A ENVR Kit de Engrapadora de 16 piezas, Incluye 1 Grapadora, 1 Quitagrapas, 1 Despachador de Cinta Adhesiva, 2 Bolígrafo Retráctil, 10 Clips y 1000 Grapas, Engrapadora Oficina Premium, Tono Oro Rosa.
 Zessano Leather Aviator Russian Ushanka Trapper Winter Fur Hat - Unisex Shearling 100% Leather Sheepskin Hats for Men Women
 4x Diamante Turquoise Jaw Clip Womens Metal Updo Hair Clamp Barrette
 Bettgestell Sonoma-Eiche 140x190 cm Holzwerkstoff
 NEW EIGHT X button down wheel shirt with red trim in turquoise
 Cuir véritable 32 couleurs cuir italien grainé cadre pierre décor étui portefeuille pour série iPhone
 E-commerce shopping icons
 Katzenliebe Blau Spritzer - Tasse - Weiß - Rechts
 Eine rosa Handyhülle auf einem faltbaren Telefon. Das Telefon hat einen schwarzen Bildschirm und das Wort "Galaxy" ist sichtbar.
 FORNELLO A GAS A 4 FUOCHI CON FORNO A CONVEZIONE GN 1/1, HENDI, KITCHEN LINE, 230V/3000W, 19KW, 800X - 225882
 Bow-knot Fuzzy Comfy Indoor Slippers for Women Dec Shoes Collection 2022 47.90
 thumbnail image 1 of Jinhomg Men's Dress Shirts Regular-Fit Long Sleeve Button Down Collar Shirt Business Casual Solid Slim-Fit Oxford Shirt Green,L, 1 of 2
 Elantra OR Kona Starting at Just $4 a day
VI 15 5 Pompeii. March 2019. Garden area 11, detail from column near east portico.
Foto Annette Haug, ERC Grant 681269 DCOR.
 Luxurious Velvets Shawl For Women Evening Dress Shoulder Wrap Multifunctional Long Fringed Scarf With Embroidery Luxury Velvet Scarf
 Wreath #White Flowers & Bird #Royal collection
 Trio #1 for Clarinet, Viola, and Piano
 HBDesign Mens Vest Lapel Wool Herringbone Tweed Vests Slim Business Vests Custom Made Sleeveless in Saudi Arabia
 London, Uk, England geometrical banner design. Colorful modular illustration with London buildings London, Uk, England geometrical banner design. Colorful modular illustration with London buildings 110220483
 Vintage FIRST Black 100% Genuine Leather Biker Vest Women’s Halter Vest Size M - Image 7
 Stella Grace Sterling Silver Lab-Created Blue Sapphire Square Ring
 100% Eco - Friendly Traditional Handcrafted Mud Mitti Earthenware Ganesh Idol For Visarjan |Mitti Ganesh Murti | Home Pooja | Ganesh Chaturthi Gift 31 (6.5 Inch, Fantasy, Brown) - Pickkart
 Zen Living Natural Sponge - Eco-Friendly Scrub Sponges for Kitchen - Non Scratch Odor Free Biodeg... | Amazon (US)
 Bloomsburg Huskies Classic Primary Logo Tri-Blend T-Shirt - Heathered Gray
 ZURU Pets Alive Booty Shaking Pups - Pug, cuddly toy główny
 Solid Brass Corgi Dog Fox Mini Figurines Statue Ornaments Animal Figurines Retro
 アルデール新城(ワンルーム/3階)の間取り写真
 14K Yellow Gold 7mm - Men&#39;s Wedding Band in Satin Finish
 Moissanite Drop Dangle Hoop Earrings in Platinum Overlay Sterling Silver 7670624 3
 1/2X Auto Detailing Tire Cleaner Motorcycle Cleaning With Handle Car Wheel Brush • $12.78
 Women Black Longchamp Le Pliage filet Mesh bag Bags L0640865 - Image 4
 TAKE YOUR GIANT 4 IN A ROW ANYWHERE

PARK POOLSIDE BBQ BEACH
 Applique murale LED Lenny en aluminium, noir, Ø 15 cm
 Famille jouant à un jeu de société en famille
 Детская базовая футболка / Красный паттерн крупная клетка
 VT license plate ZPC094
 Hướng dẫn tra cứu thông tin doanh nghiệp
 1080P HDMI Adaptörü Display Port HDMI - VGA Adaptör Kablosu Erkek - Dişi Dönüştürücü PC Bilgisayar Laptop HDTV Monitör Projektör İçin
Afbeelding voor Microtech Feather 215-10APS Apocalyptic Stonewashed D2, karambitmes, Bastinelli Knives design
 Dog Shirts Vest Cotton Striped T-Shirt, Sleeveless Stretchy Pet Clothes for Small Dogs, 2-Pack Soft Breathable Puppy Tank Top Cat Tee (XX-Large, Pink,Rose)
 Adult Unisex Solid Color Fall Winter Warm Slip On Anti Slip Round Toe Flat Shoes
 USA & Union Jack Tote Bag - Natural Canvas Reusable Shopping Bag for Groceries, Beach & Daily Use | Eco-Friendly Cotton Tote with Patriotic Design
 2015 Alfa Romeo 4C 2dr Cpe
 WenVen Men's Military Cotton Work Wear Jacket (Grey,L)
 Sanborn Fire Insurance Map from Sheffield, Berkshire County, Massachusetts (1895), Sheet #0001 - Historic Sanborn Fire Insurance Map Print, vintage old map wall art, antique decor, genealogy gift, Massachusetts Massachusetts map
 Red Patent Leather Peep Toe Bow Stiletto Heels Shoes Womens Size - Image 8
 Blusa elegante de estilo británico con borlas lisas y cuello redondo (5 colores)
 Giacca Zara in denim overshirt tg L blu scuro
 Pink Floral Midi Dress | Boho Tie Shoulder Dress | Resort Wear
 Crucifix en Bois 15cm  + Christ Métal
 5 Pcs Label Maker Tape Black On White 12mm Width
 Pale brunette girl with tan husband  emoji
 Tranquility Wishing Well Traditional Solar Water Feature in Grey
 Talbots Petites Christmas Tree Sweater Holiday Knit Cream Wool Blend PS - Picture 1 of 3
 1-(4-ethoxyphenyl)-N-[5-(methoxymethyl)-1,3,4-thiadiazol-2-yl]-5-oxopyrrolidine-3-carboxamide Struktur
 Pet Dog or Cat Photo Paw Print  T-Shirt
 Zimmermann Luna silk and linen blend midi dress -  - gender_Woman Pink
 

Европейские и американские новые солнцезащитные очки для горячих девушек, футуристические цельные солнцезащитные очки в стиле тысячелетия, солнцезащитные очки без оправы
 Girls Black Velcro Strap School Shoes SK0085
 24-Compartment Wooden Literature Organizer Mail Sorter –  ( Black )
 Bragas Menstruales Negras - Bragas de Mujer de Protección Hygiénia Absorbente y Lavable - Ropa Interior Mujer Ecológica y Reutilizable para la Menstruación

= = = = =

● Task requirements
All lines from the top of the data through the line containing "Bow-knot Fuzzy Comfy" need to be retyped exactly, and nothing more.

● Answer section
A ENVR Kit de Engrapadora de 16 piezas, Incluye 1 Grapadora, 1 Quitagrapas, 1 Despachador de Cinta Adhesiva, 2 Bolígrafo Retráctil, 10 Clips y 1000 Grapas, Engrapadora Oficina Premium, Tono Oro Rosa.
 Zessano Leather Aviator Russian Ushanka Trapper Winter Fur Hat - Unisex Shearling 100% Leather Sheepskin Hats for Men Women
 4x Diamante Turquoise Jaw Clip Womens Metal Updo Hair Clamp Barrette
 Bettgestell Sonoma-Eiche 140x190 cm Holzwerkstoff
 NEW EIGHT X button down wheel shirt with red trim in turquoise
 Cuir véritable 32 couleurs cuir italien grainé cadre pierre décor étui portefeuille pour série iPhone
 E-commerce shopping icons
 Katzenliebe Blau Spritzer - Tasse - Weiß - Rechts
 Eine rosa Handyhülle auf einem faltbaren Telefon. Das Telefon hat einen schwarzen Bildschirm und das Wort "Galaxy" ist sichtbar.
 FORNELLO A GAS A 4 FUOCHI CON FORNO A CONVEZIONE GN 1/1, HENDI, KITCHEN LINE, 230V/3000W, 19KW, 800X - 225882
 Bow-knot Fuzzy Comfy Indoor Slippers for Women Dec Shoes Collection 2022 47.90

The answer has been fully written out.